Troisième piste : améliorer l'encouragement à l'entreprenariat, en en célébrant les succès, en développant les filières entrepreneuriales dans les cursus d'ingénieurs, en flexibilisant l'emploi pour permettre aux entreprises d'embaucher en amont - exigence tant pour les start up que pour les grandes entreprises qui ont besoin d'incubateurs, à l'instar de SAP, qui a développé, grâce à un partenariat avec le Hasso Plattner Institute, un système de stockage HANA qui le rend susceptible de s'imposer comme plate-forme européenne pour le big data.

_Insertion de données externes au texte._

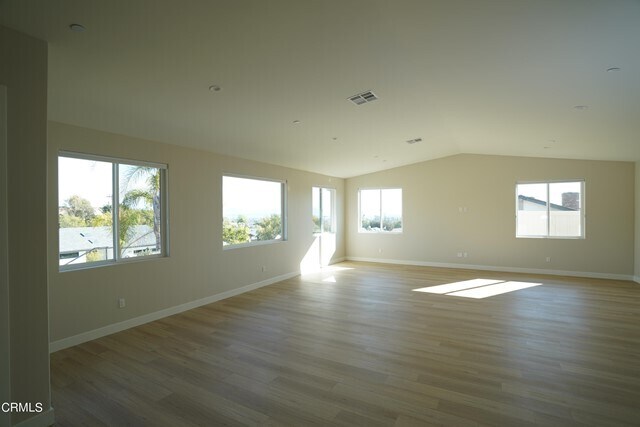 Building Photo - 625 Colina Vista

Quatrième piste : créer des conditions de concurrence équitables pour les entreprises européennes sur le marché mondial. Alors qu'il est plus complexe, pour nos entreprises, de parvenir à des économies d'échelle, en raison de la disparité des marchés nationaux, il ne faudrait pas, de surcroît, que la priorité donnée au « bénéfice consommateur » se traduise par une réglementation qui dégraderait encore leur compétitivité. Déjà, le secteur des télécommunications a vu ses profits largement rabotés en Europe, de telles mesures ayant contraint les investissements de réseau, alors que les trafics explosent, et favorisé l'offshore ou les fournisseurs non européens capables de proposer des offres discount pour prendre des parts de marché. Les lois anticoncentration, qui visent à assurer la pluralité de l'offre, peuvent aussi freiner l'émergence d'économies d'échelle et de champions internationaux. L'Europe et les Etats, via la législation, et les associations, via la certification, peuvent favoriser l'industrie européenne ; d'autres nations n'hésitent pas à le faire.
Education, financement, entreprenariat, appréciation globale de la concurrence, sur tous ces points, il faut non pas moins d'Europe mais plus d'Europe, avec un mandat clair : assurer la croissance de l'industrie des technologies.
Mais il est important, aussi, d'être focalisé. Les grands donneurs d'ordre devraient y contribuer. Afin d'éviter un éparpillement des ressources, un plan d'ensemble à l'échelle européenne devrait définir les domaines d'investissement prioritaires, en concertation avec les associations et les industriels, pour tenir compte à la fois des demandes des citoyens en matière de santé, de transports, d'éducation, et des exigences de développement de secteurs économiques où l'Europe est déjà forte, comme l'automobile, les industries de process, les télécoms, les institutions financières, afin d'orienter les investissements vers la transformation à venir de ces secteurs.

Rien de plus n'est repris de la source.